**Caption-style text data:**
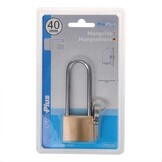 Hangslot 40 mm met lange beugel 75 mm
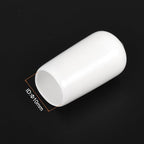 uxcell 20pcs Rubber End Caps 10mm ID Vinyl Round End Cap Cover Screw Thread - Image 3
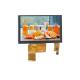 ST7262 Parallel LCD Display 40PIN 5 Inch Capacitive Touch Screen 800xRGBx480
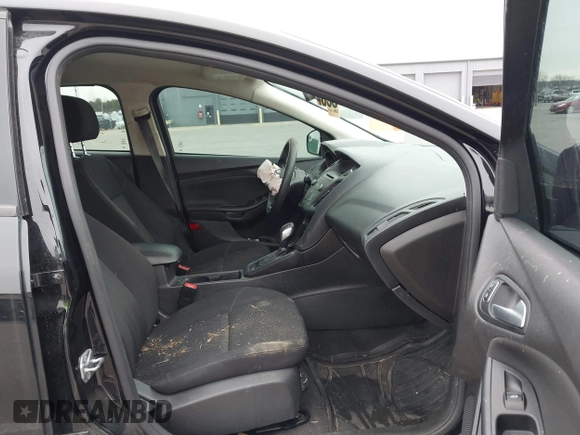 2017 Ford Focus SE with VIN 1FADP3FE4HL307110, listed as a IAAI auction lot 41992037 with 54,380 mi miles and . Bid and sale history available at DreamBid. Image 5.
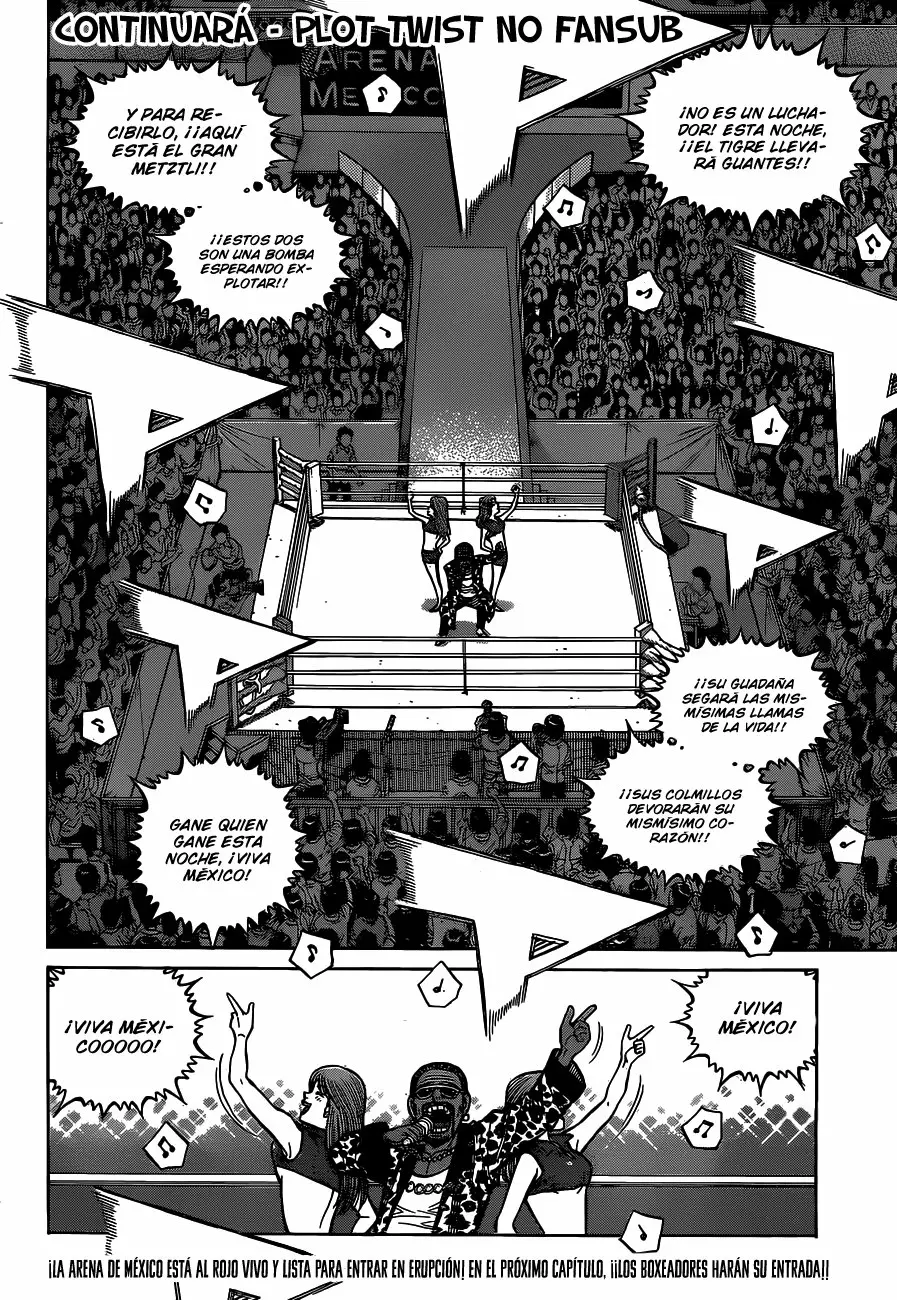 Hajime no Ippo Capítulo 1294 - Página 19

**Exercise requirements:**
For this exercise, return the data above exactly and leave every picture out.

**Answer space:**
 Hangslot 40 mm met lange beugel 75 mm
 uxcell 20pcs Rubber End Caps 10mm ID Vinyl Round End Cap Cover Screw Thread - Image 3
 ST7262 Parallel LCD Display 40PIN 5 Inch Capacitive Touch Screen 800xRGBx480
 2017 Ford Focus SE with VIN 1FADP3FE4HL307110, listed as a IAAI auction lot 41992037 with 54,380 mi miles and . Bid and sale history available at DreamBid. Image 5.
 Hajime no Ippo Capítulo 1294 - Página 19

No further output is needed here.